[THE DATA]
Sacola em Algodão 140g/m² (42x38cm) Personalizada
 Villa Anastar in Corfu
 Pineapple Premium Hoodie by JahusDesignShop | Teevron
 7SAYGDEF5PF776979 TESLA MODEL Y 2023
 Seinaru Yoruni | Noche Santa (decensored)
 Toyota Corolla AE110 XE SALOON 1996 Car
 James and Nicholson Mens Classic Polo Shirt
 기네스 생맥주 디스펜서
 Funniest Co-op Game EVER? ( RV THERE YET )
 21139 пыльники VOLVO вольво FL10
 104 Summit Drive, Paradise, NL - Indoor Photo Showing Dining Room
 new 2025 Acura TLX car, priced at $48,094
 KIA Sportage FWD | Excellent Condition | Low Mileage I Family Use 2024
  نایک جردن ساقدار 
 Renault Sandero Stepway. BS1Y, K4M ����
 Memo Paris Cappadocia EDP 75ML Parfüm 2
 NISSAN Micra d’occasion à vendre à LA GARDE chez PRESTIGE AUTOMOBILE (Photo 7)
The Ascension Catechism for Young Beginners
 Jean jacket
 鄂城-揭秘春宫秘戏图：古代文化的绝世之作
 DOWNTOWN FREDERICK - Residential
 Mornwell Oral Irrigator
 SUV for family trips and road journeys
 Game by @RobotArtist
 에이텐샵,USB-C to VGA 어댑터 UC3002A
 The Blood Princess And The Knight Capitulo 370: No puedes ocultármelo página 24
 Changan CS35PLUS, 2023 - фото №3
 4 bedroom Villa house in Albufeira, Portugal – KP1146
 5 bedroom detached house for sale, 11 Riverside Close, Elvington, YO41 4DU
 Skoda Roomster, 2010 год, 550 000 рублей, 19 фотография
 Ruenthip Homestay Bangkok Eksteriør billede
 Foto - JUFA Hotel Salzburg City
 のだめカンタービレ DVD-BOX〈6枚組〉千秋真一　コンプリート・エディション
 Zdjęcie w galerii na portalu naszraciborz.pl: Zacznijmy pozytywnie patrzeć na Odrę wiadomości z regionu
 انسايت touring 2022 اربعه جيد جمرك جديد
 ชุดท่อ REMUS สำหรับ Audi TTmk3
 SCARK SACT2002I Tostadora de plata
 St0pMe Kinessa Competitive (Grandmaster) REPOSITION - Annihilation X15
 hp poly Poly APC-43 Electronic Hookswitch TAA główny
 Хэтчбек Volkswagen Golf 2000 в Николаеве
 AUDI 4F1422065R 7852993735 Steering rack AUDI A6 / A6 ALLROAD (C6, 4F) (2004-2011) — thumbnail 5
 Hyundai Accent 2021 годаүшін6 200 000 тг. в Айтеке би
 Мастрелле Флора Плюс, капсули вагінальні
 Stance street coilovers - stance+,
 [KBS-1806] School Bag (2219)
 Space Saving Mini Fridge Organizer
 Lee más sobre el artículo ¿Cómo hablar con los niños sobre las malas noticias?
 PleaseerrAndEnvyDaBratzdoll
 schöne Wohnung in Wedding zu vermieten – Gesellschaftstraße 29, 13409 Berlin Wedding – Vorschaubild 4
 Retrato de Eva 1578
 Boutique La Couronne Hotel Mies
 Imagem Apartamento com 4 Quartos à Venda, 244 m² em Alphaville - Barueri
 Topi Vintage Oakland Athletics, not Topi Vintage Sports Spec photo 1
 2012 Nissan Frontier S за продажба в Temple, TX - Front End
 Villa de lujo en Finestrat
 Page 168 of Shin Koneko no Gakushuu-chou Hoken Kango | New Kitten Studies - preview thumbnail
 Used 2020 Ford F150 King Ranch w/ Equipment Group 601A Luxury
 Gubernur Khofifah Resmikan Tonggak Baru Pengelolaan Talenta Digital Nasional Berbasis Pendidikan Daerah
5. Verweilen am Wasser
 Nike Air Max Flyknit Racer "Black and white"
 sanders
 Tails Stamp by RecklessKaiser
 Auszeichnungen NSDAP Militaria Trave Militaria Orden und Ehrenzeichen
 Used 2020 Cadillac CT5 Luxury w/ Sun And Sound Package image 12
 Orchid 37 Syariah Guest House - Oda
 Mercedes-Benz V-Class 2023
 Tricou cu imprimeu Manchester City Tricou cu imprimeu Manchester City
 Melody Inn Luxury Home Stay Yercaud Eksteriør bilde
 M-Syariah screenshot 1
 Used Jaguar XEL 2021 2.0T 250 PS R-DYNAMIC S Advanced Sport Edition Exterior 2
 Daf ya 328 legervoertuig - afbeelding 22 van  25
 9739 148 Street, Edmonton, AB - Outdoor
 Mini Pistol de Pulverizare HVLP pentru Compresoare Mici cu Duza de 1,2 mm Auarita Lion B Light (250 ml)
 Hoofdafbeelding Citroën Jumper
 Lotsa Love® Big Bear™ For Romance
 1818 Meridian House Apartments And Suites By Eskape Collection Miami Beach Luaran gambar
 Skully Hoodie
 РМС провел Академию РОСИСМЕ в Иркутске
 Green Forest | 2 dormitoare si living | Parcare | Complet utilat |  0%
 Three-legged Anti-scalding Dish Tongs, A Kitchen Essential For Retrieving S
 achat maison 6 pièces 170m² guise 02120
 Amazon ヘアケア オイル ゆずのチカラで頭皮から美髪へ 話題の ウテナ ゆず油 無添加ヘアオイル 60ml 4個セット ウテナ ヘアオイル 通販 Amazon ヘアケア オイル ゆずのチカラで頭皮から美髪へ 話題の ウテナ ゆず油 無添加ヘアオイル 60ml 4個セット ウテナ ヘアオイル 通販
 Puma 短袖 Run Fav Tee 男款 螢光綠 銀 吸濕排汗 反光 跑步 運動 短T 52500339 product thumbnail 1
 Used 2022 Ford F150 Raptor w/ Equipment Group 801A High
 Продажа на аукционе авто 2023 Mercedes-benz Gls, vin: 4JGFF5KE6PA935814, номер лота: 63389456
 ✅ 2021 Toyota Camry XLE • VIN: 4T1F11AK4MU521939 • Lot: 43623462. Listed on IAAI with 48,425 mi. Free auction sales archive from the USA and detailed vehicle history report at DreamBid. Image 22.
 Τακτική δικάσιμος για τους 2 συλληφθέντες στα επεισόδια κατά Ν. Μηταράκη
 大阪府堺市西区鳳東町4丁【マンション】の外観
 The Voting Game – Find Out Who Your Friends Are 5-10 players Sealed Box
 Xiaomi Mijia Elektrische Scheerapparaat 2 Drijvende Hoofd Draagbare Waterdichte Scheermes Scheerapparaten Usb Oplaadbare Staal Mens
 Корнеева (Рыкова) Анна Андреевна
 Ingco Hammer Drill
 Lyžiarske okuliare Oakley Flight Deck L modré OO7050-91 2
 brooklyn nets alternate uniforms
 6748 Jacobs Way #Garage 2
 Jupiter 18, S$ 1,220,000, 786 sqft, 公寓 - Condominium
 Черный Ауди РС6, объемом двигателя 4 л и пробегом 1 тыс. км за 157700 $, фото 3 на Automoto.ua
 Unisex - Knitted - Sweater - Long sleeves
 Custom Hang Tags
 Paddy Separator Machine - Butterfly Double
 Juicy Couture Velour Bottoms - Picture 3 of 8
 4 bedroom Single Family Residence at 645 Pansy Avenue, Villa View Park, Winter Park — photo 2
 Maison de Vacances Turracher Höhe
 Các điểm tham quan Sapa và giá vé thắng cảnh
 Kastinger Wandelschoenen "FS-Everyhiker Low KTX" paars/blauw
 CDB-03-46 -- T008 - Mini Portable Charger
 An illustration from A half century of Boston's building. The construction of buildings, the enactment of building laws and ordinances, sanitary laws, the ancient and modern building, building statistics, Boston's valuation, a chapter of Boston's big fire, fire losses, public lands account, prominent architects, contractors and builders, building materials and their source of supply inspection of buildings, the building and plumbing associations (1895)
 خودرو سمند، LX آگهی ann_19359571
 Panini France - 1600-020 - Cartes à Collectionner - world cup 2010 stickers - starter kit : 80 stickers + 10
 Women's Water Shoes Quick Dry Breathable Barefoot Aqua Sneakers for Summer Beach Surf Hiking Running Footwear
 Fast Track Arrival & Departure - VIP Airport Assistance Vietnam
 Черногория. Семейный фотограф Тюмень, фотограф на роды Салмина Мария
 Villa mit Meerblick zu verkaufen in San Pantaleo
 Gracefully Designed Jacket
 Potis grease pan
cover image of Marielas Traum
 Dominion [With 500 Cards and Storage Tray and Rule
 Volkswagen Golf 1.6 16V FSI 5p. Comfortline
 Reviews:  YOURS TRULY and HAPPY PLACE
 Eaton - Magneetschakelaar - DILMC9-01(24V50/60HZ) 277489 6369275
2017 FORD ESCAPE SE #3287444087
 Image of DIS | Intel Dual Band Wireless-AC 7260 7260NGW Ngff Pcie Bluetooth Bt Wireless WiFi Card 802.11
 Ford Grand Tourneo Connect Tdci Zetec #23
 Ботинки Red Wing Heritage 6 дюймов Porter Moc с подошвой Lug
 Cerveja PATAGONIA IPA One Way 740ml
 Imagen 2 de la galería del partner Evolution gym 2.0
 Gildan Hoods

[TASK DIRECTIONS] What do the lines above say from the one containing "Space Saving Mini Fridge Organizer" down to the one containing "Page 168 of"? Return them exactly, both end lines included, and only them.

[EXPECTED ANSWER]
 Space Saving Mini Fridge Organizer
 Lee más sobre el artículo ¿Cómo hablar con los niños sobre las malas noticias?
 PleaseerrAndEnvyDaBratzdoll
 schöne Wohnung in Wedding zu vermieten – Gesellschaftstraße 29, 13409 Berlin Wedding – Vorschaubild 4
 Retrato de Eva 1578
 Boutique La Couronne Hotel Mies
 Imagem Apartamento com 4 Quartos à Venda, 244 m² em Alphaville - Barueri
 Topi Vintage Oakland Athletics, not Topi Vintage Sports Spec photo 1
 2012 Nissan Frontier S за продажба в Temple, TX - Front End
 Villa de lujo en Finestrat
 Page 168 of Shin Koneko no Gakushuu-chou Hoken Kango | New Kitten Studies - preview thumbnail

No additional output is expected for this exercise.